A Metro Council member is facing sharp criticism for an article he shared on Facebook. It suggests the Boy Scouts of America organization went bankrupt because of their move to welcome gay and transgender scouts and leaders.
Metro Council Member Steve Glover is standing by it. A lot of politicians are known for speaking their opinions, and in the age of social media, many are known for posting them as well.
While this may stir up a lot of controversy, experts say this creates a necessary forum of ideas. Over the weekend, conservative Metro Council Member Steve Glover shared an article written by someone from the Family Research Council.
The article itself blames the bankruptcy of the Boy Scouts of America on their decision to welcome gay and transgender scouts and leaders. Glover’s own comments focus more on his own experience as an Eagle Scout, starting his post with: “I will remind everyone this is my personal page. I share my views and I am proud of what I share.”
Despite the disclaimer, it stirred up some negative feedback from fellow Metro Council Member Bob Mendes, who tweeted a screenshot of Glover’s post, saying: “I don’t want to be in squabbles, but that’s just not acceptable.”
Both Glover and Mendes declined on-camera interviews today, but FOX 17 News spoke with Metro Council Member Emily Benedict, who is also a member of the council’s LGBTQ caucus.
She says Glover is allowed to share his opinions on social media.
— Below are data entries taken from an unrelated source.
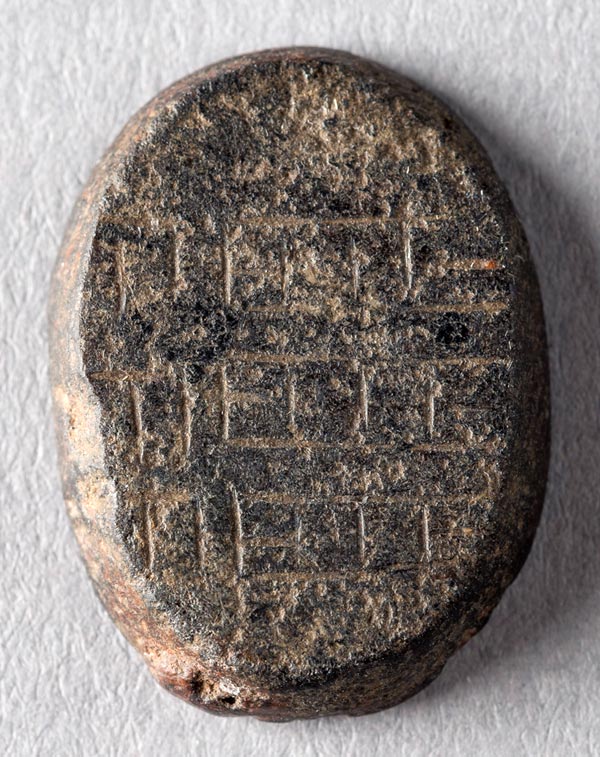 Stomach amulet verso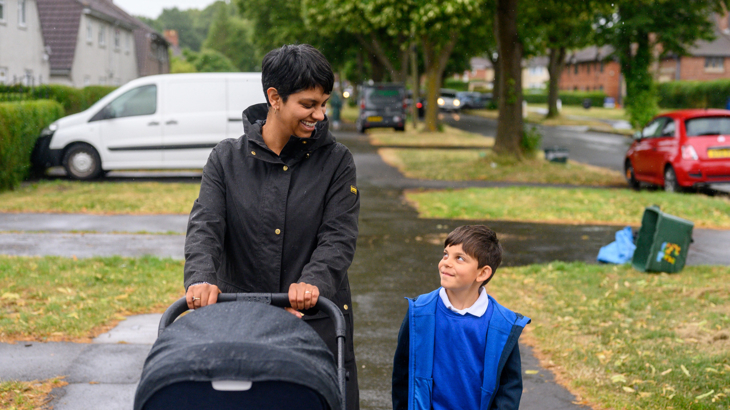 A parent pushing a pram in a residential area on a rainy day looking down at her child who is wearing a blue uniform and smiling looking up at her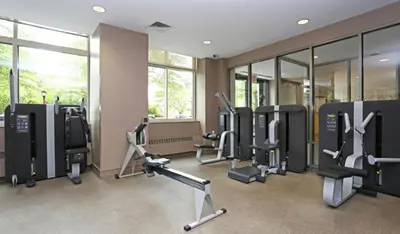 a gym with treadmills and ellipticals in a room with windows at Blueground Battery Park City rooftop nr Hudson River NYC-586 in New York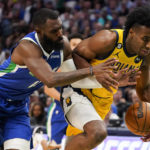 Dallas Mavericks forward Tim Hardaway Jr. reaches for the ball against Indiana Pacers forward Aaron Nesmith during the first half of NBA basketball game in Dallas, Tuesday, Feb. 28, 2023. (AP Photo/Sam Hodde)
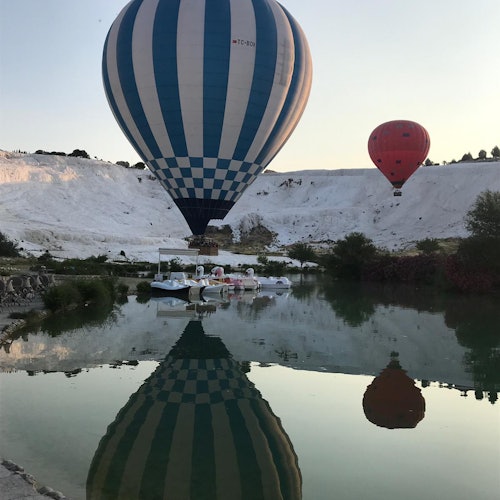 Isang asul-at-puting mainit na air balloon na may repleksyon sa isang lawa, habang may isa pang pulang balloon sa background sa puting lupain.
She said the sharing of this article also shows that he’s willing to propagate fake news.
"We will not allow this type of rhetoric to continue without the type of behavior and response that came from Council Member Mendes, and the reason why I'm talking with you today,” Benedict said.
Ken Paulson is the Free Speech Center Director at Middle Tennessee State University. He said political speech is the single most protected kind of free speech, and for good reason.
“If you’re a politician and you are transparent in what you believe, there’s a benefit to voters, who decide they agree with you, or strongly disagree with you and vote against you,” Paulson said. “That’s really how the system’s always worked.”
A trend that he says Tennessee politicians have, and will continue to take advantage of. You may remember Council Member Glover also walked out of the meeting when Metro Council passed a resolution to condemn an anti-LGBTQ measure going through the state house in January.
At that time, he said he wasn’t comfortable discussing social issues.